## [Exercise]
Below are entries with pictures among them; reproduce exactly, and only, the lines from the one containing "RM20363#夏季韩版新款印花卡通大象宽松短袖T恤女时尚百搭上衣" down to the one containing "Tangkapan layar NK666", without the pictures.

## [Information supplied]

★ ★ ★

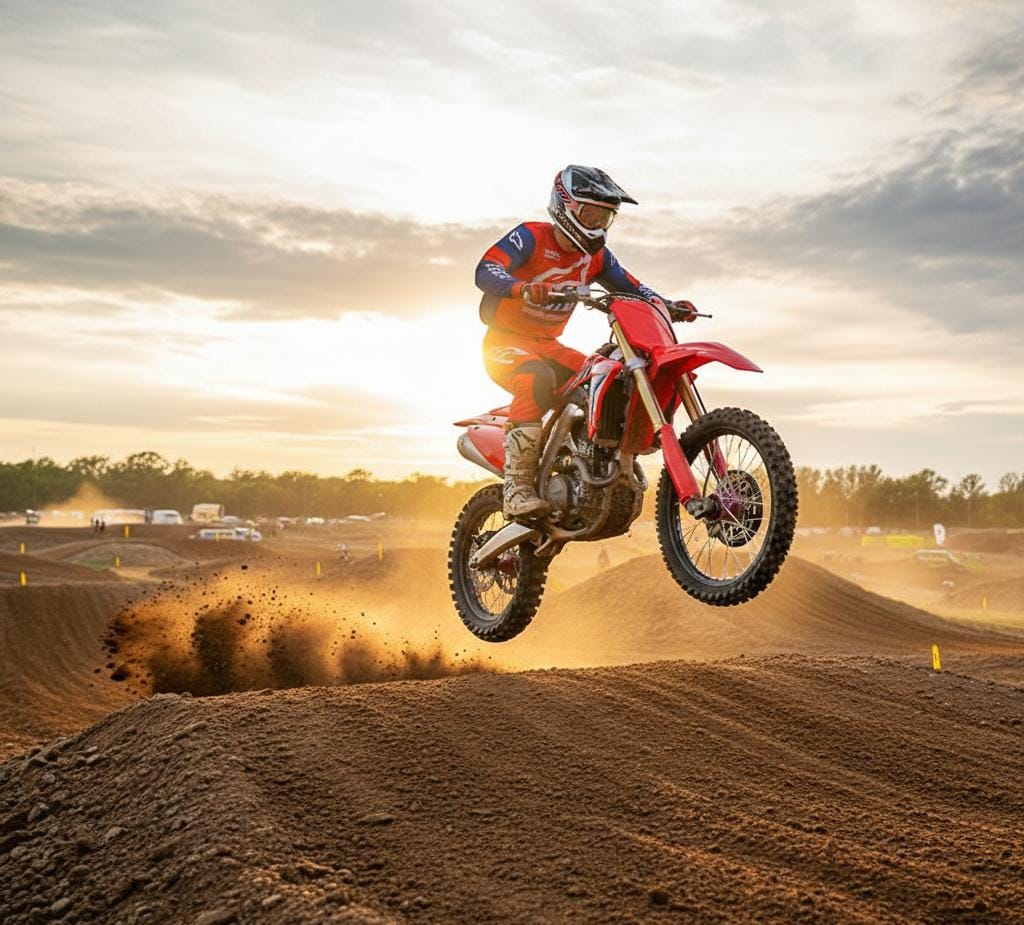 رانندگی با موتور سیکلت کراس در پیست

★ ★ ★

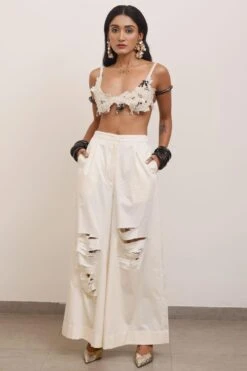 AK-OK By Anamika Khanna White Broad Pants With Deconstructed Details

★ ★ ★

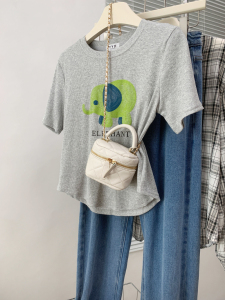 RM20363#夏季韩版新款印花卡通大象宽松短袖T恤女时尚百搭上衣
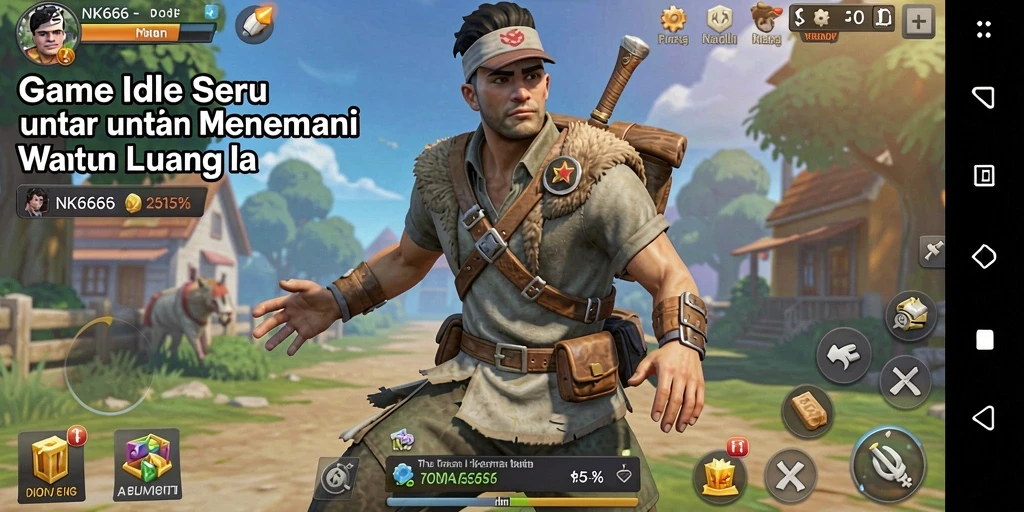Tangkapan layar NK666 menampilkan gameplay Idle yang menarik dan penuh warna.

★ ★ ★

## [Answer below]
 RM20363#夏季韩版新款印花卡通大象宽松短袖T恤女时尚百搭上衣
Tangkapan layar NK666 menampilkan gameplay Idle yang menarik dan penuh warna.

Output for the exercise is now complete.